Documents: Kettering health network played role in purchase, repair of Manchur mansion

Non-profit and executive bought another house from Manchur

Credit: Jim Noelker

Credit: Jim Noelker

Weeks before now-retired Kettering Health CEO Fred Manchur bought a $1 million historic Kettering home, Kettering Medical Center agreed to buy the house pending board approval, according to a purchase agreement signed by then-Chief Financial Officer Russ Wetherell.

The April 1, 2008, agreement to buy the house located behind the hospital campus for $1 million was not signed by seller Catherine Kiley and it is not known if the board of directors discussed or voted on the purchase because a Kettering Health spokeswoman in May said she could provide no information on the matter.

The purchase agreement, as well as Kettering Medical Center Network repair estimates for the home, are included in documents Kiley filed in Montgomery County Common Pleas Court as part of her 2009 civil lawsuit against Manchur and his wife, Mary Kaye.

Manchur was president of Kettering Medical Center — now called Kettering Health Main Campus —when he and his wife purchased the house at 3500 Stonebridge Rd. from Kiley for $1 million on May 16, 2008, according to a property transfer deed filed with the Montgomery County Auditor and a Midwest Title Company settlement statement included in the lawsuit. Kiley also gave the Manchurs $43,361 for repairs, according to a repair agreement with them.

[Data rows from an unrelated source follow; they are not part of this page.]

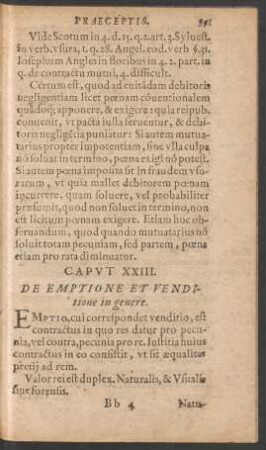 Caput XXIII. De Emptione Et Venditione in genere.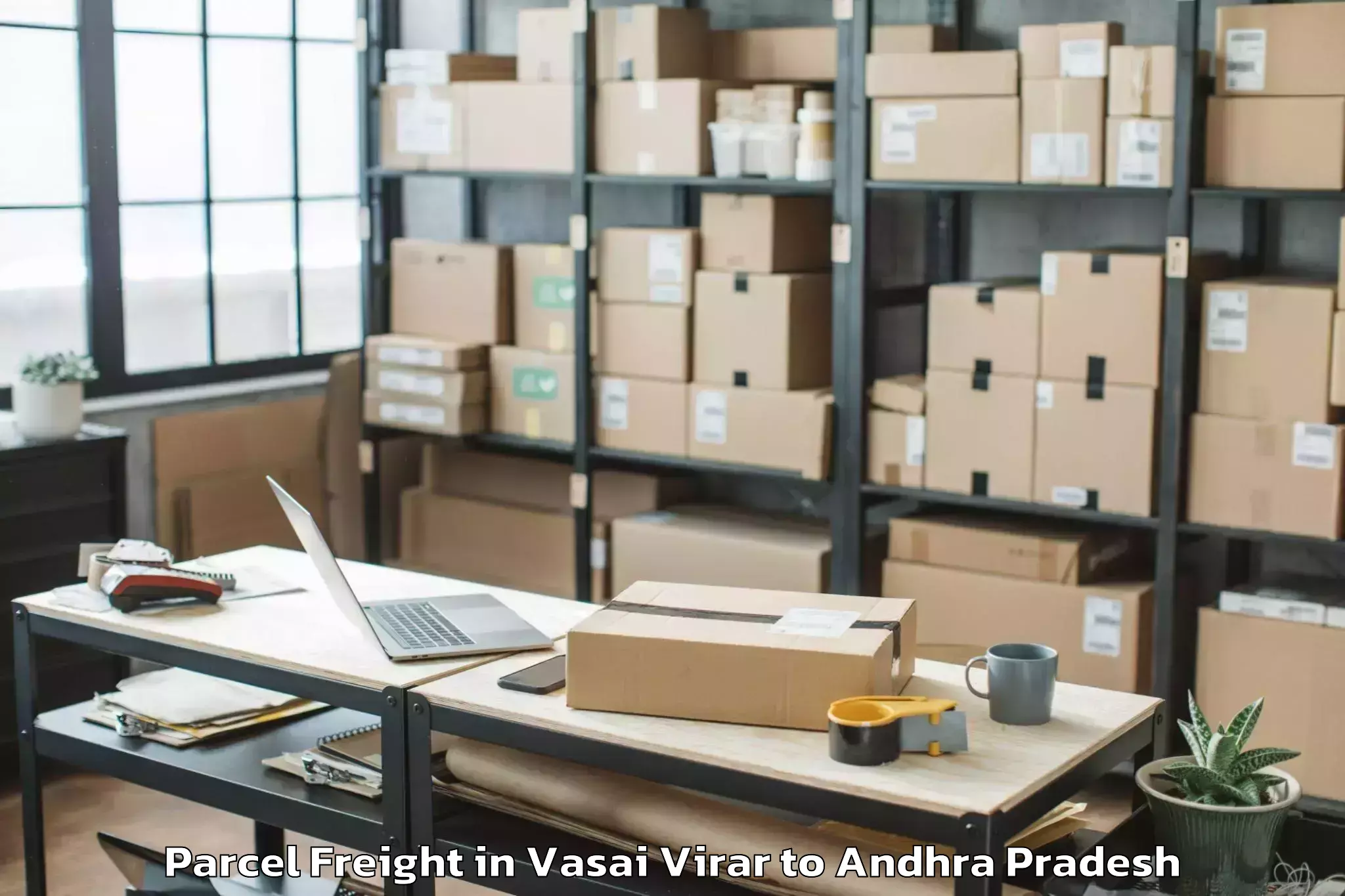 Book Vasai Virar to Abhilashi University Guntur Parcel Freight Online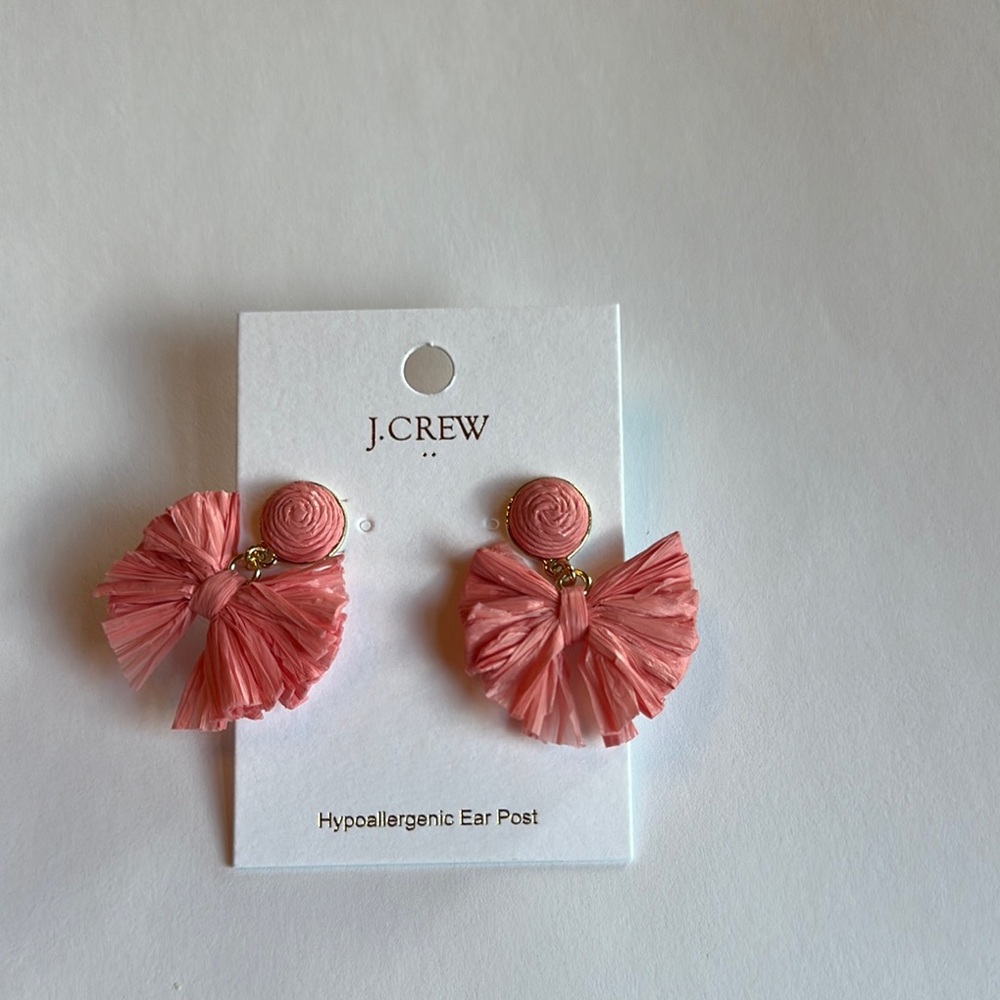 J.Crew Pink Raffia Statement Earrings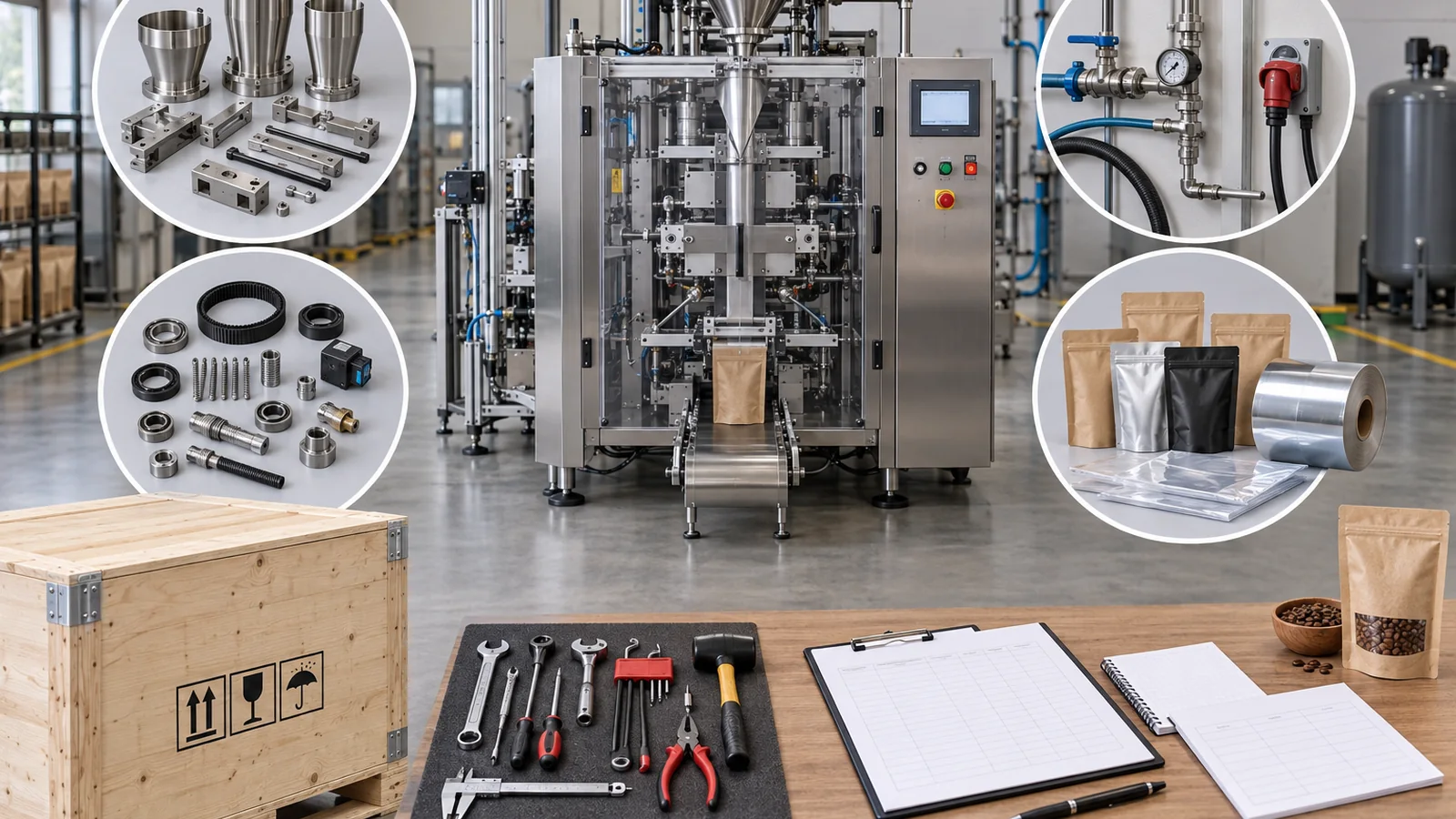 Coffee packaging machine with change parts utilities packaging materials and maintenance tools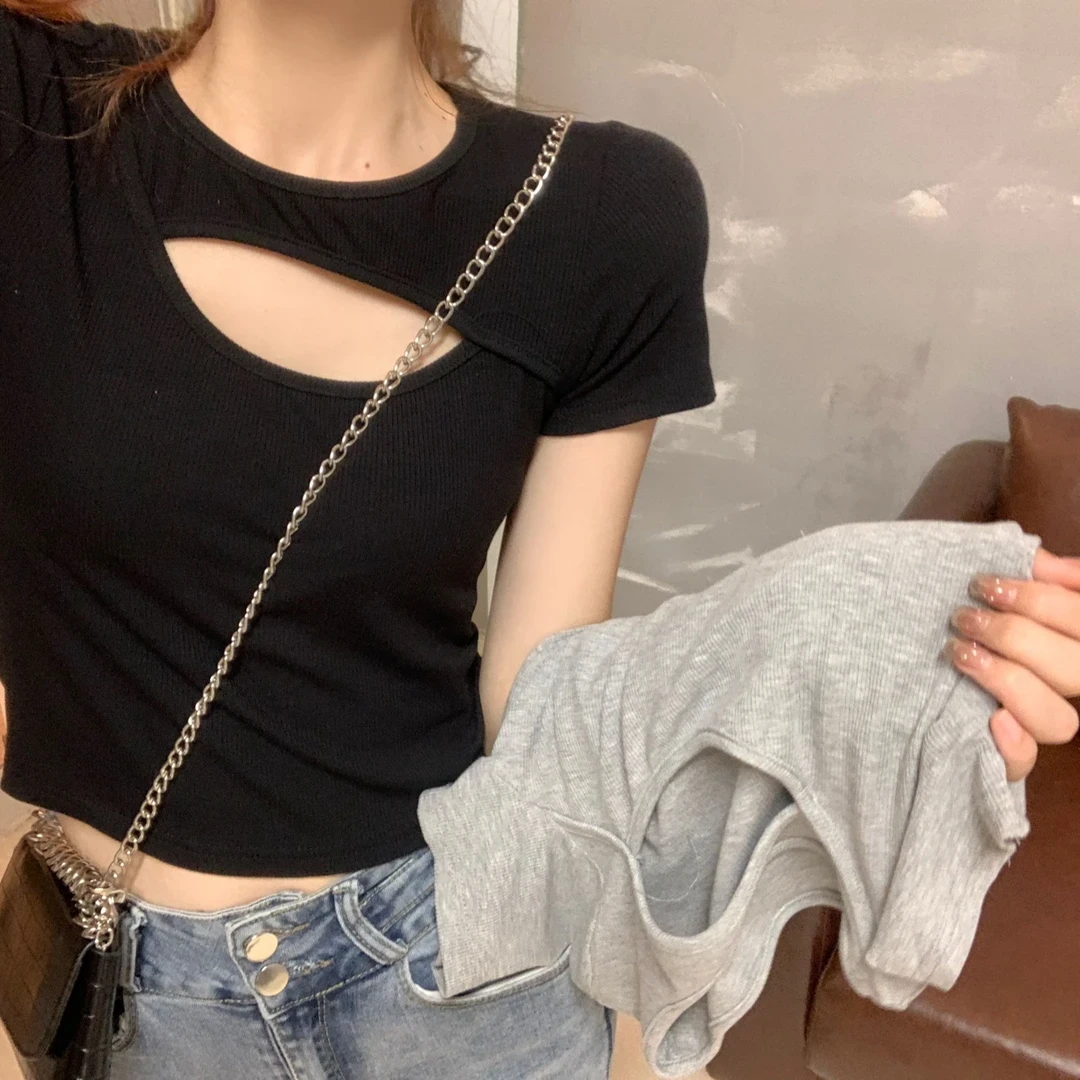 镂空锁骨短袖T女小众设计感夏季2025年新款修身显瘦辣妹短款上衣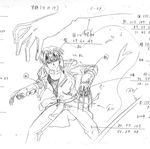  1boy anime_opening claws concept_art hidaka_ken monochrome solo tagme weiss_kreuz weiss_kreuz_gluhen 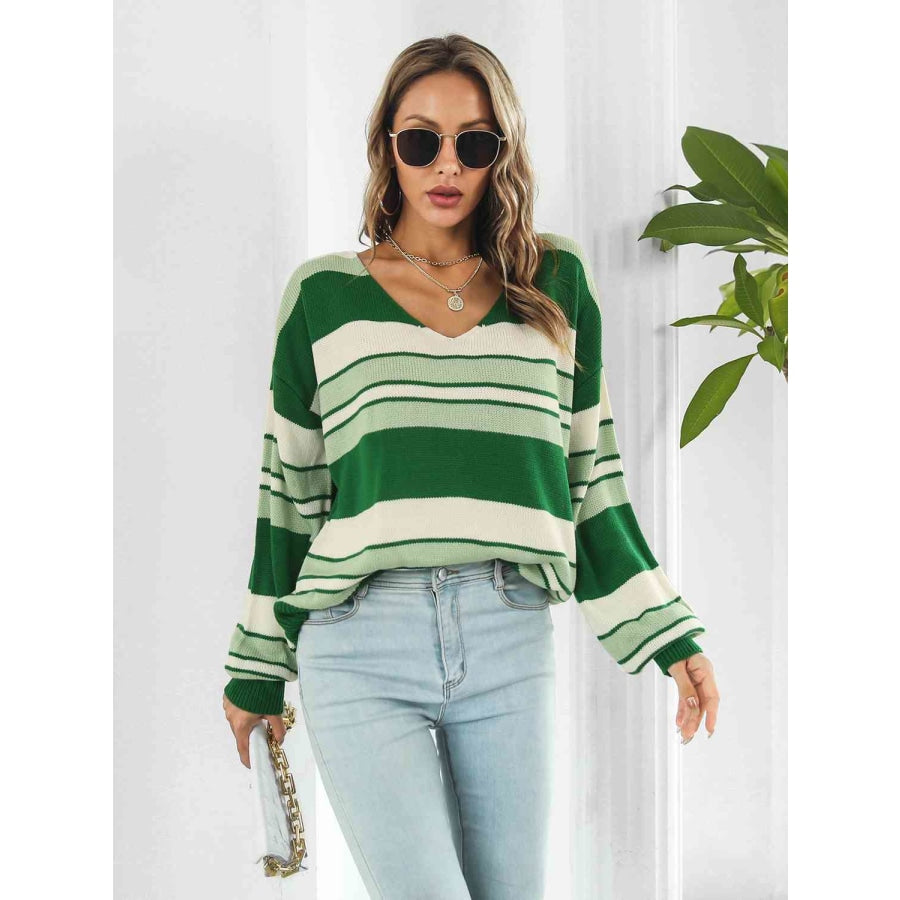 Striped V-Neck Long Sleeve Knit Top Green / S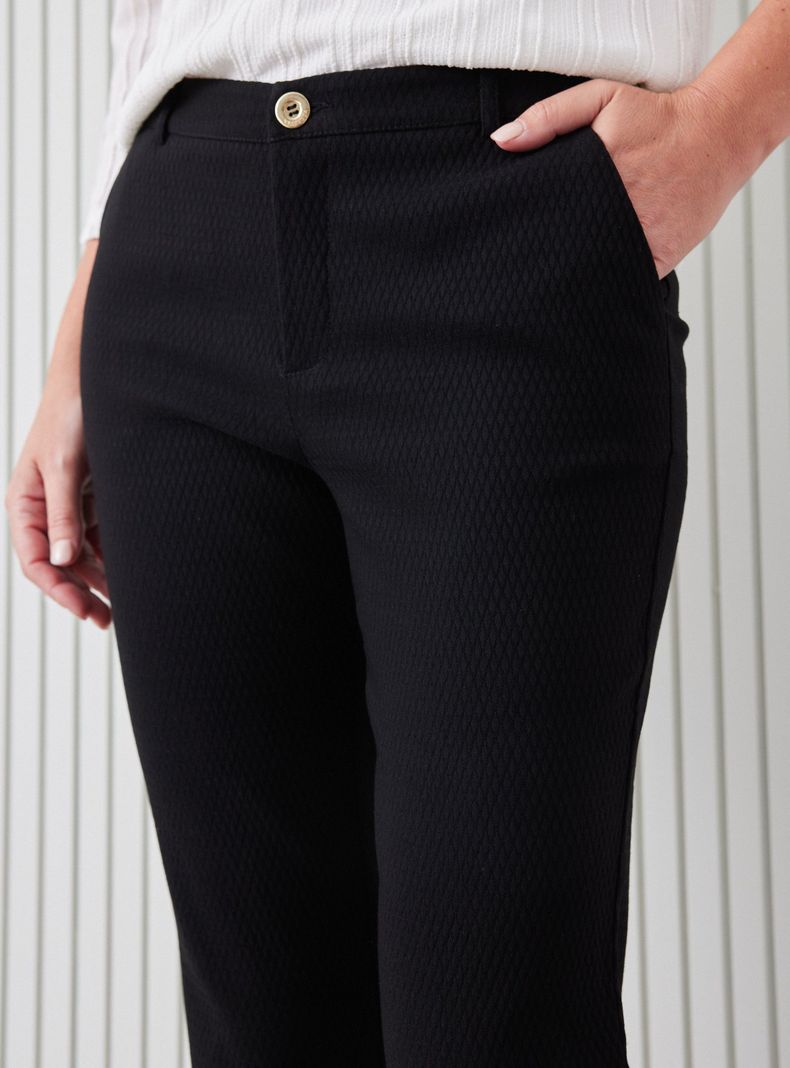 Pantalón Jacquard Elásticado Corte Recto-2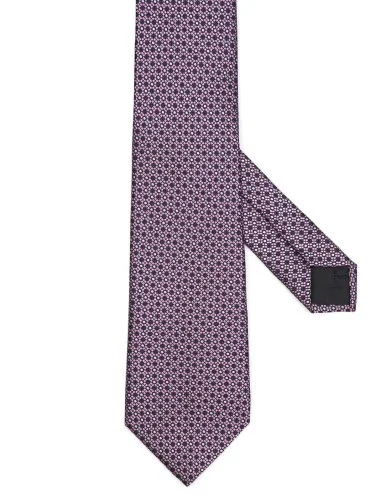 Cerruti Dusty Rose, Navy Blue Textured Jacquard Silk Tie - 1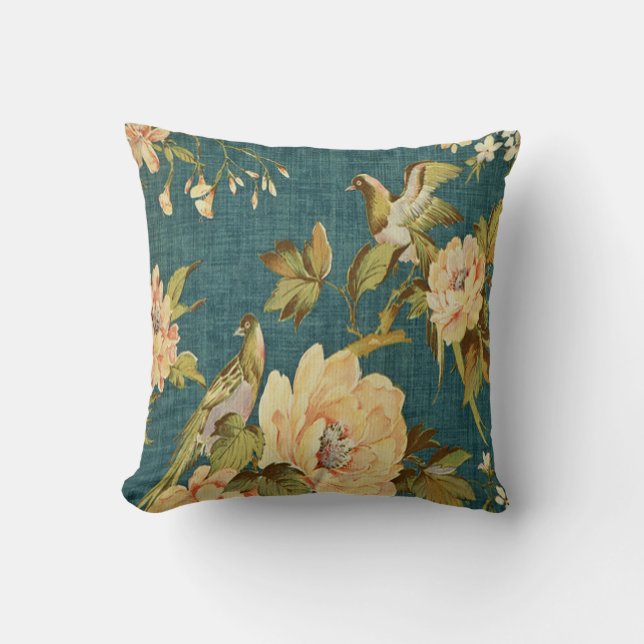 blauwgroen, , floreel, vogel, Victoriaans, behangp Kussen (Voorkant)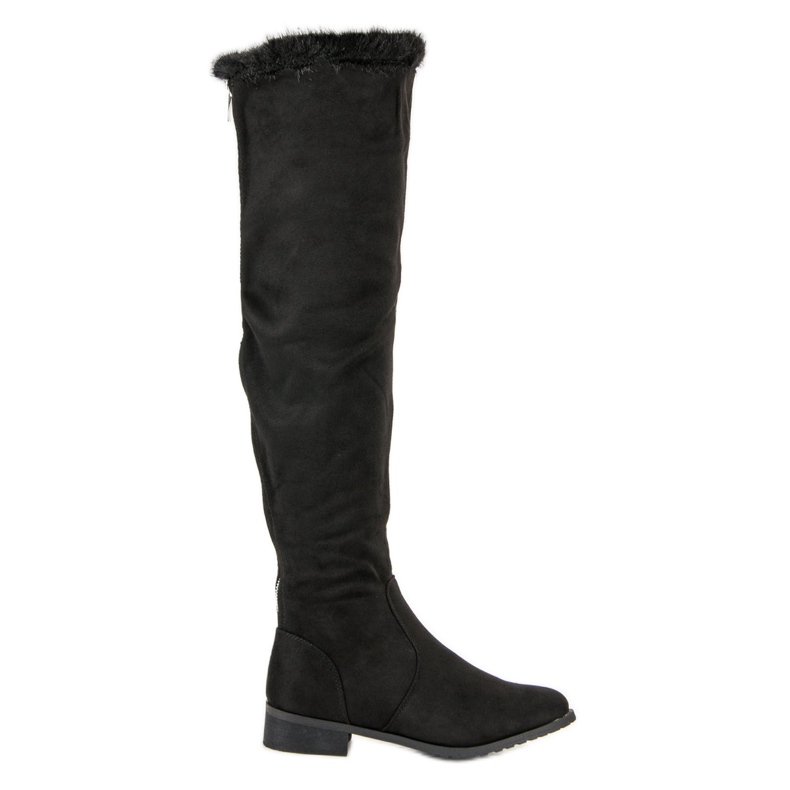 Cm Paris Over-the-knee boots with fur black Cm Paris Over-the-knee boots with fur black
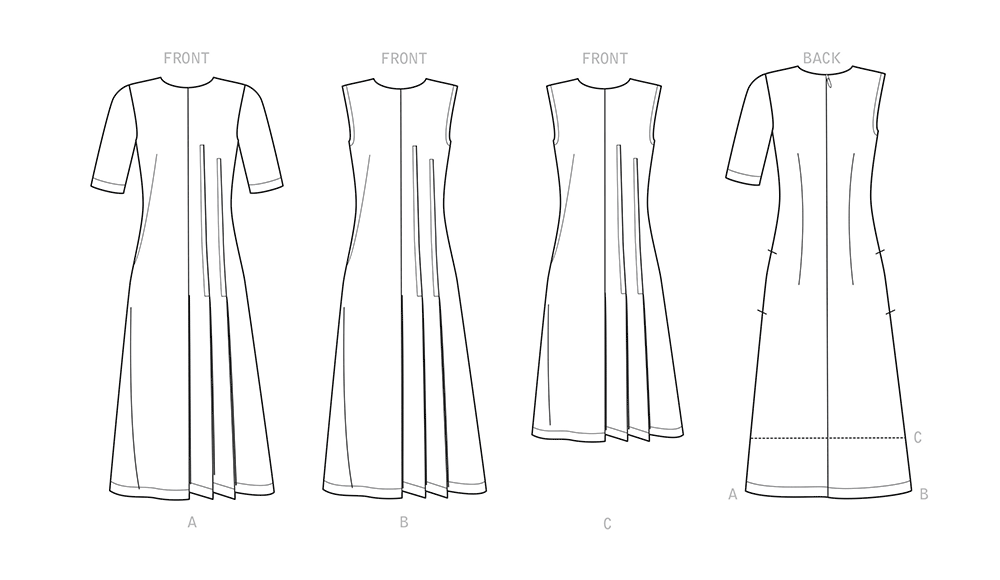 Simplicity S9223 sewing pattern envelope showing asymmetric pleated dress
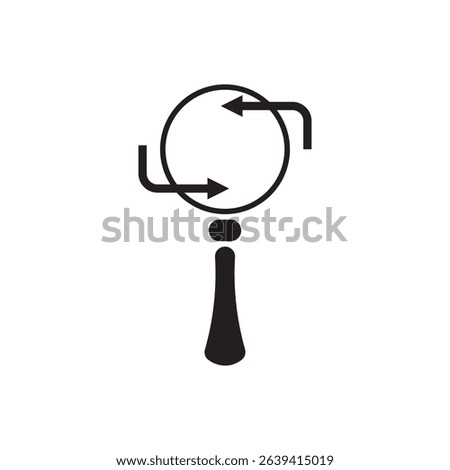 magnifying glass with rotating arrows for reloading or refreshing searches. Ideal for data syncing, analytics, or browser UI.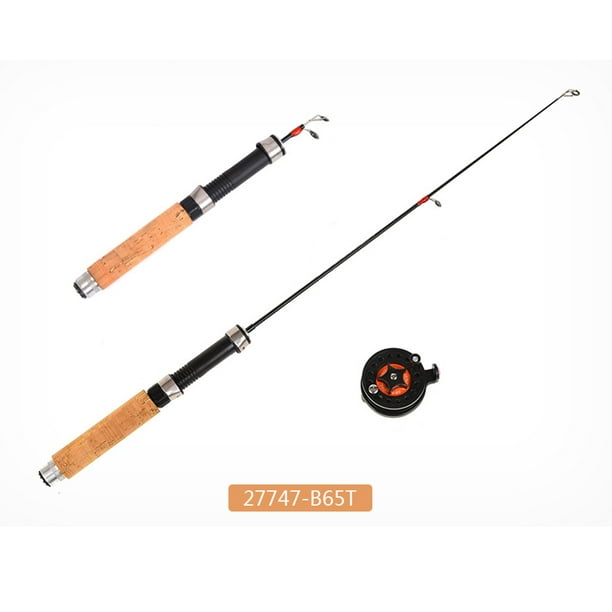Lutabuo Ice Winter Fishing Rod with Reel Combo Outdoor Feeder Fishing Pole  Wheel Set 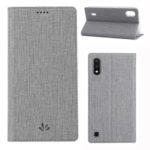 VILI DMX Auto-absorbed Cross Texture Leather Shell for Samsung Galaxy A01 – Grey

“The dealings were just with Fred. They were to sell her home to Fred for his personal residence, and it was a surprise to her when his lawyers drew up the contract with Kettering Health Network as the purchaser,” Kiley’s attorney, John A. Smalley, said in a May interview with the Dayton Daily News, referring to the network by one of its previous names.

The Dayton Daily News is investigating the purchase and renovation of the Manchurs’ Kettering home after Kettering Health announced it is conducting an internal investigation into “allegations of inappropriate fiscal and operational management at Kettering Health.”

Complaints filed with the Ohio Attorney General’s Office include allegations that the health network paid for renovations to the house.

Manchur, who retired at the end of last year, has not responded to multiple requests for comment. The Dayton office of Taft, the law firm representing him in the Kiley lawsuit, did not respond to a request for comment.

The health system is operated by the non-profit Kettering Adventist Healthcare, which currently does business as Kettering Health and was previously called Kettering Medical Center Network and Kettering Health Network. The non-profit is sponsored by the Columbia Union Conference of Seventh-day Adventists.

In October 2008, several months after the Manchurs bought the Stonebridge house, Kettering Adventist Healthcare and then-network executive Walter Sackett and his wife purchased the Manchurs’ home in Washington Twp. for $600,000, according to the Montgomery County Auditor’s office.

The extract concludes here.